Мы едем в Коневский скит, – во имя Божией Матери Коневской, верстах в шести от монастыря. К крыльцу гостиницы подан тарантас, запряженный сивой лошадкой. За кучера – монашонок-карел, "молчальник". Он всегда возит о. игумена и сидит на козлах по уставу: со страхом и трепетом. Во всю дорогу он не произнес ни звука. Лошадка неторопливая, ленивая, могла бы и походчей идти, но кнуток Валааму неизвестен: "блажен иже и скоты милуяй".
  Погода серенькая, дождливая: унесли лето журавли. Едем лесом. Остро пахнет грибами, осеннею горьковинкой хвои. Намокшие лапы елей цепляют нас за шляпы и осыпают дождем. Неуютно теперь в лесах. А как пойдут настоящие осенние дожди да бури, леса зашумят-завоют, повалят лесные буреломы, – жутко тогда в лесах. А отшельники по глухим скитам будут выстаивать ночи на молитве, а днями колоть дрова и собирать валежник. А рыбаки-монахи на своих древних ладьях выйдут на бурную Ладогу закидывать свои сети-мрежи; на кирпичном заводе трудники будут мять мокрую глину на кирпичи, каменотесы – ломать на горах гранит; машинист-монах пойдет на качливом "Валааме" за многие версты на дальние острова. Бури, ливни, метели, – все едино: Валаам не остановит своей работы – служения "во имя": подвижнических трудов, молитв. К полунощнице – движутся старцы по сугробам, лесам, проливам. Светит им Свет Христов.
  Едем орешником. Осенняя на нем ржавчина. Под колесами жвакает, сочится. Что это там краснеет? А, рябина. Мокрые кисти виснут. Скука и неуют. Вон болотце: унылая осока, шатаются камыши под ветром. Мокрый монашек повстречался, несет розовые грибы – рыжики, молоденькие, промытые. Весело нам кивает, словно и нет дождя. Опять часовня, плачет осенними слезами черный гранитный крест. Белки теперь по дуплам, и лисичка подремывает где-то. Вон, над полем с гнилым сараем, тряпками носятся вороны в ветре – какие-то у них дела. Гремят по "луде" колеса тарантаса. Прокатили: мягко, опять по иглам. От игол тянет душною скипидарной сыростью. Ну вот, приехали. Поперек дороги мокрый плетень из хвороста, – дальше и нет пути: тупик, скит.
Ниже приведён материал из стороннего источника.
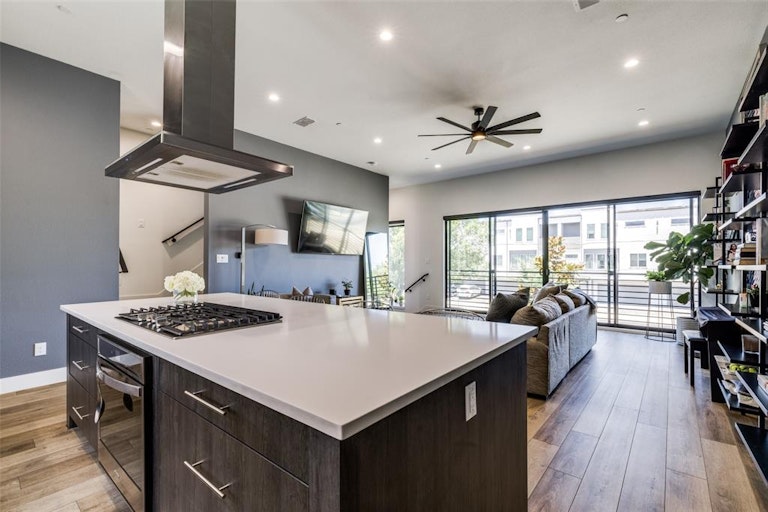 Photo 10 of 24 - 1865 Summit Ave #102, Dallas, TX 75206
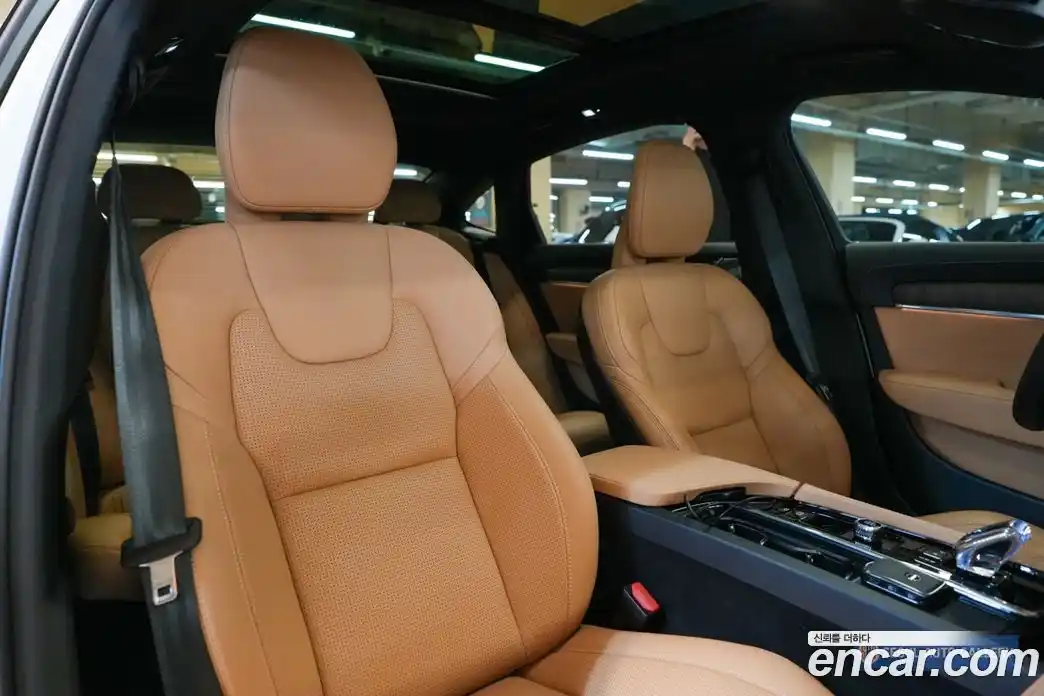 Volvo S90 2024 2.0 гидро в Москве № 802042, фото 9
  Монашенок молча остановил лошадку и остался сидеть, как мумия, – так и не обернулся к нам. Стало быть, выходить. Отыскиваем в плетне проходик. Видим с холма озерки, кусты и церковку. Сеет дождик, скучно шуршит по листьям. Идем мимо черных огородов, доходим до деревянной церковки, – ни души. Воистину – скит, пустыня. Церковка заперта. За огородом, на холмике, две смежные избушки. Это кельи пустынников, связанные сенями. Плачут в дожде оконца, дымок курится и стелется, дождь надолго. В каменистой горке выбита криво лесенка. Мы, скользя, поднимаемся к избушкам. Да где же скитники? Заглядываем в сени и видим: вот они, жители пустыньки. На полу сидят трое: седенький, тощий старичок в скуфейке, приятный такой лицом, мертвенно-восковым, бескровным; черноватый монах, лет сорока, кряжистый, с горячими глазами, и юный послушник, светлоликий, с тонкими чертами, в золотистых локонах, как пишут ангелов. Сидят молча и старательно чистят лук, режут ботву с головок.
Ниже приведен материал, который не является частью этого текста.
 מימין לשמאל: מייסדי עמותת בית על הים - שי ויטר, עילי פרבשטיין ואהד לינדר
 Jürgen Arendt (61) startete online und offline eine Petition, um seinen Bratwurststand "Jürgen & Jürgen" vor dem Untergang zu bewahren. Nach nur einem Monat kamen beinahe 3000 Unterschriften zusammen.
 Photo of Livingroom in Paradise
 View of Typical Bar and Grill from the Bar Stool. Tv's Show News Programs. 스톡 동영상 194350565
  – Бог в помощь, здравствуйте!
  Возглас пугает их. Так они были заняты работой – а может быть, и мысленной молитвой, – что не слыхали, как мы вошли.
  – А, Господи помилуй...– сказал старичок-схимник, и я понял, что это о. Сысой, о котором говорил нам странник. – Лучок вот режем, Господи помилуй.
  Прочие только поклонились и продолжали резать. Не вовремя мы, видно, попали. Стоим, молчим. А они продолжают резать, будто нас здесь и нет. Наконец схимонах говорит опять, будто с самим собой:
  – Лучок вот режем, Господи помилуй.
  Я думаю: они разучились говорить и молчат от смущения. Прошу показать нам церковку и келью о. Дамаскина.
  – Возьми ключи да покажи им... все обскажи про батюшку...– говорит старичок мальчику в локонах. – А угостить-то вас и нечем... Господи помилуй...
  Мальчик ведет нас к церковке, скребет огромными сапогами по камням. Церковка небогатая, бревенчатые тесаные стены, скромный иконостас; дощатый, в сучочках, пол. Пахнет сосной и ладаном. Я спрашиваю мальчика, давно ли он на Валааме.
  – Год скоро. А здесь, в пустыньке, шесть месяцев. Из Питера он, служил в экспедиции государственных бумаг.
  – Что привело вас на Валаам?
  – Не знаю... Читал про Валаам, и понравилось, как живут тут. Богу служат.
  – Но ведь тут трудно, в такой неуютной обстановке... особенно после Петербурга?
  – Святые отцы жили...– говорит он. Я смотрю на его локоны ангела. Может быть, и он "отсеянный"? Таким, должно быть, и юный Дамиан был. Есть такие, особенные, родятся как-то, чуждые "сему миру".
  Идем к озеркам. Соединяет их деревянный мостик, над проточком. Берега заросли осокой.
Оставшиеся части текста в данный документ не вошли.